MOUNT VERNON — The March meeting of the Mount Vernon Dilapidated Buildings Commission focused on two main issues. The first was the continuing saga of the old middle school at 301 N. Mulberry St.
Safety-Service Director Dave Glass told the commission the main concern with the building was that the mandated replacement of the windows in the building was not complete. The commission had required the owner to have the window project done by Feb. 1.
“I think we are overdue for another tour of the building,” said commission member Brian Benick of the Knox County Health Department.
At the February meeting, Mount Vernon City Councilman Mike Hillier noted there were more than 100 windows covered with plywood that he characterized as not having been refitted with new windows. Benick noted at that meeting it was his understanding some of the installed windows were covered with the plywood, and that did not give a true indication of the progress in replacing the windows.
Hillier reiterated his contention on Tuesday that work on the project was not progressing as ordered by the commission.
“I think we need to make it very clear with Mr. Bechtel, if there are new windows behind this plywood, it should come off,” he said. “I understand your point about vandalism and all that, but going back to what I said many months ago, vandalism is a city police problem. Putting new windows in is what he needs to be doing. I don’t think the neighbors care that he put in new windows. The plywood needs to be removed if it’s covering new windows.”
Hillier added that the commission should be prepared to have a search warrant ready for its next tour of the building because the owner had not taken representatives through the whole building on previous tours, only showing them what he wanted them to see.
“If you see the work is not done,” he said, “then charges should be filed. To be happy with work being done is not enough, to my mind.”
The commission also discussed two other properties, 510 E. Gambier St. and 305 N. Norton St., both owned by Bill Spitzer, who was in attendance to answer questions from the commission. The main point of interest was the East Gambier Street property, which suffered from fire damage and was listed as a new property to be considered for condemnation. The commission asked Spitzer for an update on work being done on the property and if he had a timeline for completion of the work.

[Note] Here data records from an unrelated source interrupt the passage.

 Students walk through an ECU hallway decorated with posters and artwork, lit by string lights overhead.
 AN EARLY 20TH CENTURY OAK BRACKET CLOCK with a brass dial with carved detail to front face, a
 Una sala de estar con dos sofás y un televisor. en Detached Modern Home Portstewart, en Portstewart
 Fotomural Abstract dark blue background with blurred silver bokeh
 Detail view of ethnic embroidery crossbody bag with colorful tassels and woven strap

“We’ve got electric service into the building, although it’s not hooked up yet,” Spitzer said. “There were several tons of debris on the ground floor that we hauled out as best we could with several feet of snow. The structure of the building is sound, the floors are OK and the framework is OK.”
Benick told Spitzer he sent him a letter a week ago about garbage behind the house, in front of the garage, and that the garbage was still there. Spitzer told Benick the snow had hindered removal of the garbage, which he said was left by the previous tenant. He said he would remove it this week.

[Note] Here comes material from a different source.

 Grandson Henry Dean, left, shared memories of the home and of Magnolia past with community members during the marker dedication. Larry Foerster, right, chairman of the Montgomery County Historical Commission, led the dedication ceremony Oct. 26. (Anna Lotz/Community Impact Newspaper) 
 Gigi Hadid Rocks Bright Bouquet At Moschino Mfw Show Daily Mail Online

“You know what this commission’s concern is,” Glass told Spitzer. “When’s it going to get fixed? And after we have that discussion, we’re going to need it in black and white. I’m assuming we’re going ahead with the condemnation.”

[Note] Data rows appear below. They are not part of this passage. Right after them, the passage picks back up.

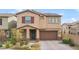 Two-story house with brown garage door and landscaped yard at 8136 Little Skye Ct, Las Vegas, NV 89166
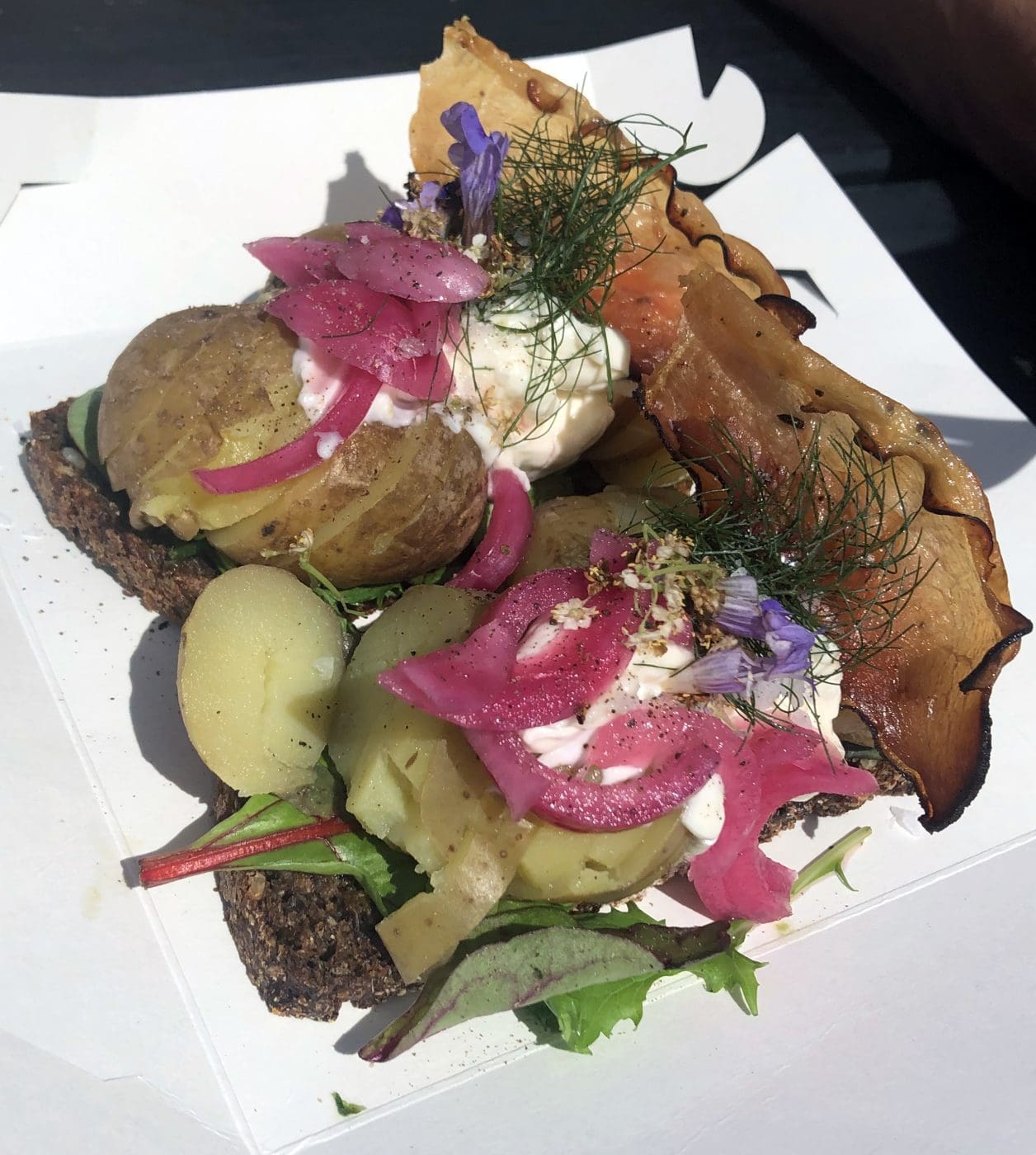 Bild eines Roggenbrotgerichts mit Kartoffeln, Salat und geräuchertem Speck.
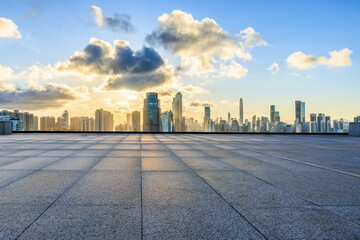 Empty square floor and city skyline with modern buildings scenery at sunrise in Shenzhen, China. Outdoor city background.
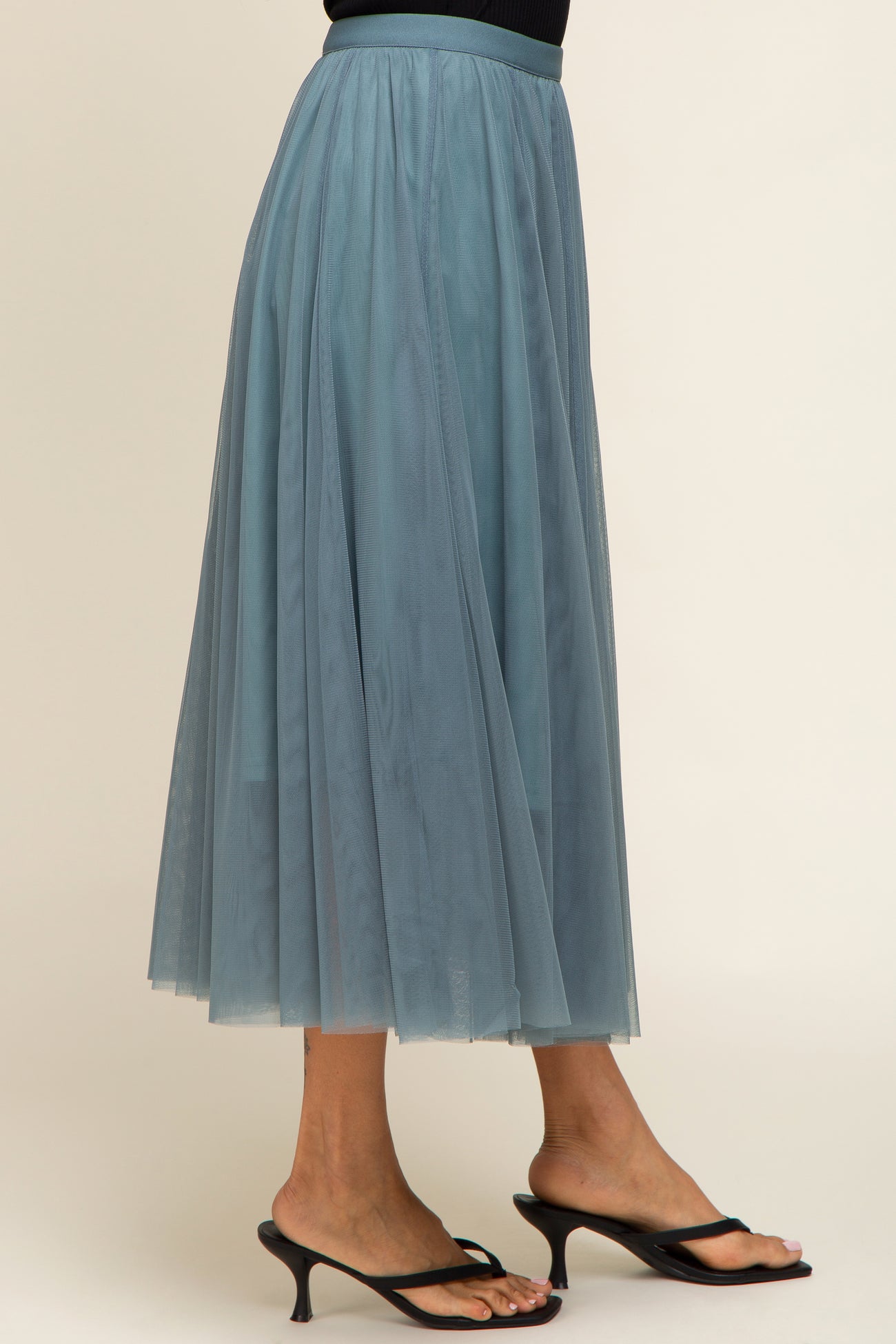 woman wearing a sheer light blue midi tulle skirt with a flowy silhouette and strappy black heeled sandals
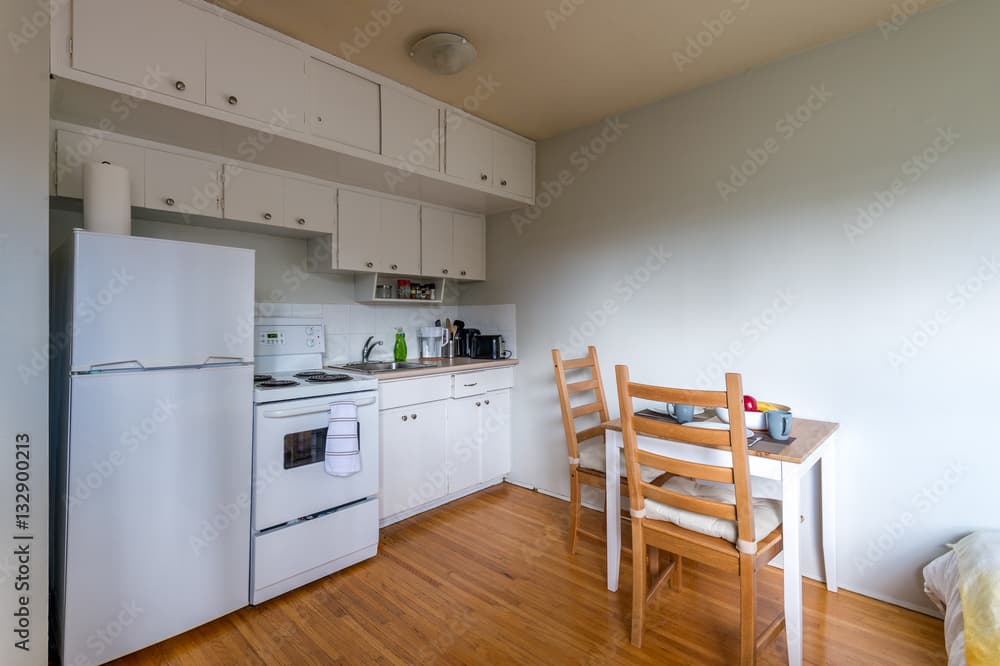 A small kitchen with white cabinets, a stove, refrigerator, and countertop appliances. Next to it is a wooden dining table with two chairs on a hardwood floor, all set against plain white walls in FM Eastwood Court.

“I don’t have a timeline,” Spitzer said. “I do not have a schedule. I can have one for you before the next meeting.”
The commission gave Spitzer until April 2 to provide a written timeline to the commission so it could be evaluated before the April meeting.
In other business:
•The commission voted to condemn the other three buildings newly considered for condemnation. Those were a garage at 104 S. Center St.; a vandalized and fire damaged building at 4 South St.; and a barn at 104 Walnut St.
•Charges were filed in Municipal Court against properties at 914 Howard St., 301 N. Norton St. and 305 N. Norton St.
•A garage at 700 W. High St. was reported demolished.
•The commission heard two properties at 14 Cottage St. and 11 Marion St. were slated for demolition. These two buildings are being demolished with funds provided by the Neighborhood Stabilization Program and will not be done with taxpayer funds. Another property at 12 McKinley St. will be demolished using city funds. This demolition was held up because the Mount Vernon fire and police departments were using the building for training purposes.
•The commission continues to monitor eight properties, most of which have minor problems such as loose bricks or broken windows.